We seek love and excitement through machines for virtual companionship
or sex. For those who scoff at this and pride themselves on having real
human relationships, their marriages are often arrangements for
convenient sex and cohabitation. Not to be cynical about love, which is
always with us, we must realize we've been sold a bill of goods by the
ruling class: compete, work hard, buy things, and maybe then you'll get
approval and a lover or spouse. Property and money are held to be the
supreme accomplishment, as confirmed by divorces occurring as a result
of either financial stress or selfish urges.

What's going down today isn't all bad

With time on our hands from unemployment, good deeds can happen as a
result of reaching out to members of the community. Sharing is an
important human trait that has been suppressed by divide-and-conquer
domination. The tendency neighbors have to be useful to one another in
order to assure survival is second to none in our human impulses, for
this is our evolution (until very recently). This can manifest itself by
a care-giver providing needed help while the young or sick or infirm
person's family may pursue other activities such as rigging up a bike
cart or foraging for firewood.

The closeness that will increase from such interactions will bind us
together again as bands and then tribes. The nation state was an effort
to smash tribes, in part due to megalomania of the empire builders or
the self interest of the king makers.

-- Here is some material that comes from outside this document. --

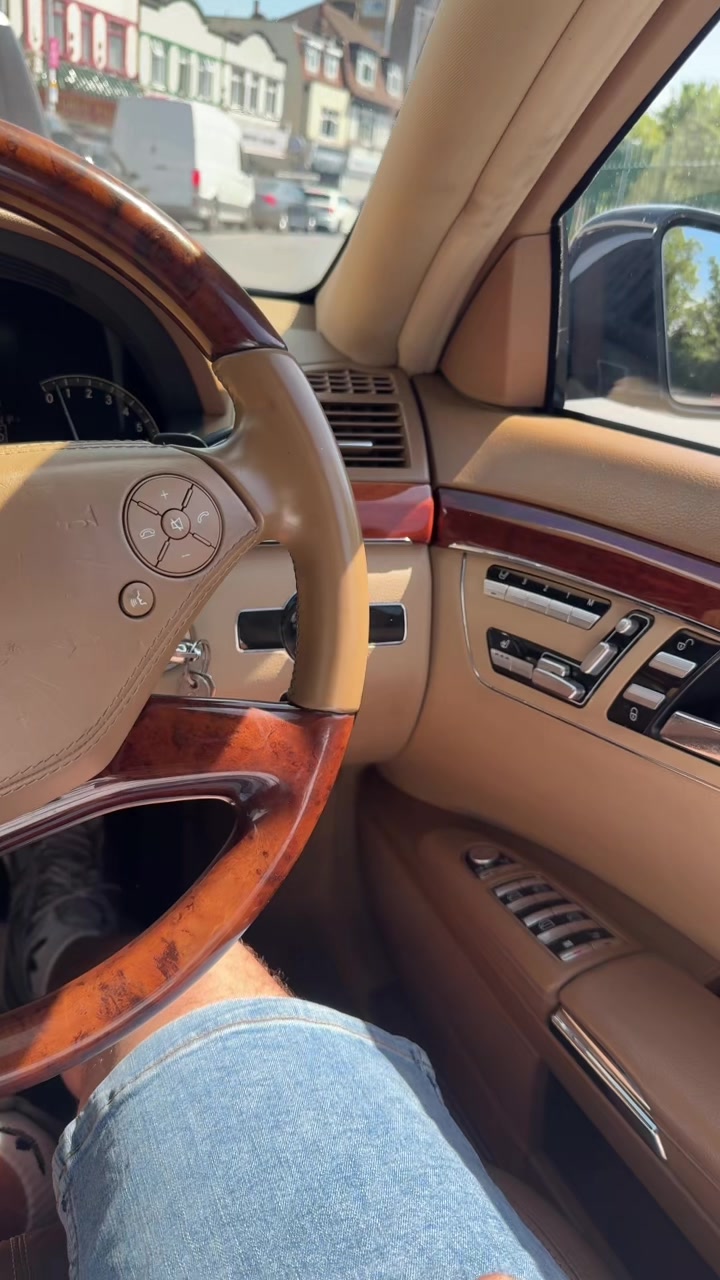 @S 500 w221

When the unfolding collapse of the
US economy and corporate globalism is further along, there will be tax
rebellions and a redefining of new societies' priorities. Economies will
be local, with distant nations or tribes linked through sail power - as
practiced for many centuries before the oil-powered cargo ships that
destroy the air and water.

One's personal living environment will be shed of plastic crapola (thank
you James Howard Kunstler) that has crapped out and no longer can be
powered. It is too late for our generation and our civilization to be
known other than the Plastic Culture, based on the non-biodegradability
of our petroleum products we "need". But if there are future generations
to study our trash, as today's archeologists and anthropologists do,
they may also note that we seemed to cease and walk away from our
Plastic Culture and its associated ways - perhaps about 2009?

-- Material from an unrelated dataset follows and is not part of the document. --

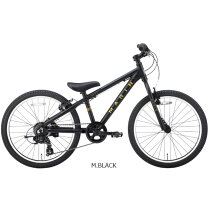 楽天市場】子供 自転車 22インチ（カラーブラック）（キッズ・ジュニア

Forgotten pleasures return

Although gardening is hard work, it is also healthful and social. Since
nature knows no waste, we will become very efficient and go with the
flows to minimize work and disruption to the land and waters that must
be restored to health. So when food forests start to bear fruit and
nuts, as well as coppicing for firewood and basket materials, for
example, we will work less and have time again for our songs, stories
and dances that all our ancestors' cultures indulged in religiously.

Let's not skip the part about coping with toxic soils, the task of
depaving, and the need to gather and hunt. These activities are
unavoidable and done under duress in our transition. But those
participating will be shown appreciation by those occupied by cooking,
sewing, child rearing, making musical instruments, or acting as
counselors or teachers. But keep picturing more time for these real
things, including loving and family cohesion, when we are no longer
working for abstract capitalist entities and doing the debilitating
commutes. Above all, a relationship with nature will keep us together to
overcome adversity.

The future culture of sustainability will be more sane and liberating
than modern living - for those who survive the collapsing house of toxic
cards. The sooner we get started in dismantling the present failed
system, and be our own leaders, the more of us and our fellow species
will survive to continue what might still be the endless dance of
evolution. The answers are here today, but must be sought out. In time,
however, they will become obvious and spread quickly as people try to
adapt to the loss of Big Brother the Boss Man of The Machine. Good
riddance, and hello tomorrow's new age.

You may say I'm a dreamer, but as one of the former Beatles sang, I'm
not the only one. Give peace a chance. It's getting better all the time.